Dr. Dobb's is part of the Informa Tech Division of Informa PLC

This site is operated by a business or businesses owned by Informa PLC and all copyright resides with them. Informa PLC's registered office is 5 Howick Place, London SW1P 1WG. Registered in England and Wales. Number 8860726.


Channels ▼
RSS

import java.*: File Processing


February 2001 Java Solutions/import java.*


In the previous installment of this column (C/C++ Users Journal, November 2000) I illustrated the classes in java.lang.io that provide basic byte and character stream I/O. A distinguishing feature of many of these classes is their tiered relationship, implemented via the Decorator pattern. For example, a low-level class such as FileReader opens a file. To add line-oriented I/O capability, you can wrap the FileReader object in a BufferedReader, like this:

FileReader f =
   new FileReader("file.txt");
BufferedReader b =
   new BufferedReader(f);

The basic classes discussed last time all extend an input or output superclass, either InputStream and OutputStream, for byte streams; or Reader and Writer for character streams. One thing I didn’t mention last time was that the file output classes have an overloaded constructor with a second boolean argument for appending data to files. The program in Listing 1 uses such a FileWriter to implement file logging. Often when writing to a log file it is necessary to open and close the file each time you access it. Although certainly more costly than keeping the file open continuously, it is often the only way to guarantee that all the log data gets written. For this reason the LogFile constructor just stores the name of the log file.

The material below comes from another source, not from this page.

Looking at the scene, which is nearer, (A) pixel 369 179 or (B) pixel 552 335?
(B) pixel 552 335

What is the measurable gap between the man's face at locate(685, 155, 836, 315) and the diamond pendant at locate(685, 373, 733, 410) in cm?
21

The log method opens a FileWriter in append mode by using the two-arg constructor with a second argument of true. If the file doesn’t exist already, it is created. I decorate that FileWriter with a BufferedWriter, not for buffering (I really don’t want any!), but for its newline method. You might be tempted to just use a FileWriter and write a ’\n’ to it to terminate a line, but not all platforms use that character as a new line terminator. The technique in Listing 1 ports nicely because newline queries the system property line.separator for the correct character(s) to push onto the output stream. The test program in Listing 2 uses both LogFile methods to write to a log file.

So much for the basics. I’ll now cover the “rest of the story” for file I/O in Java 2.

Random Access Files

You’ve probably noticed by now that there is no basic stream class that provides both input and output capability simultaneously, like iostream does in C++. C++ can do this because it has multiple inheritance (although iostream also requires virtual inheritance, one of the most confusing features in the C++ language — count your blessings, Java people!). What Java does offer is RandomAccessFile, a class that supports both input and output as well as file positioning. A RandomAccessFile traffics in bytes, not characters, so it provides methods for reading and writing single bytes and byte arrays, although it also can read and write strings (converting to and from bytes, of course). RandomAccessFile also implements the DataInput and DataOutput interfaces, so you can also work with primitive types.

A traditional application for random access files processes fixed-length data records, so you can access particular records directly with file positioning. (Database systems used this technique in days of yore). The program in Listing 3 defines a fixed-size Employee class with the following layout:

Employee no.  1 int (4 bytes)
Last name    15 characters (30 bytes)
First name   15 characters (30 bytes)

For the convenience of users of the Employee class, it stores the name fields as String objects, but when it comes time to read or write Employee objects, these fields need to be treated as byte arrays. Furthermore, strings over 15 characters must be truncated and shorter ones need to be filled out. (I chose a fill byte of 0xFF, something that wouldn’t occur in user data.) You can see this technique illustrated in the stringToBytes method. To write an Employee record to a RandomAccessFile, function Employee.write calls stringsToBytes, which builds a buffer large enough for both name fields and calls stringToBytes to fill them, after which it writes the employee number. To read a record back in, Employee.read calls RandomAccessFile.readFully, which fills the fixed-length byte array with the name data. To correctly build each name field string I have to search for the first occurrence of fillByte to determine its length.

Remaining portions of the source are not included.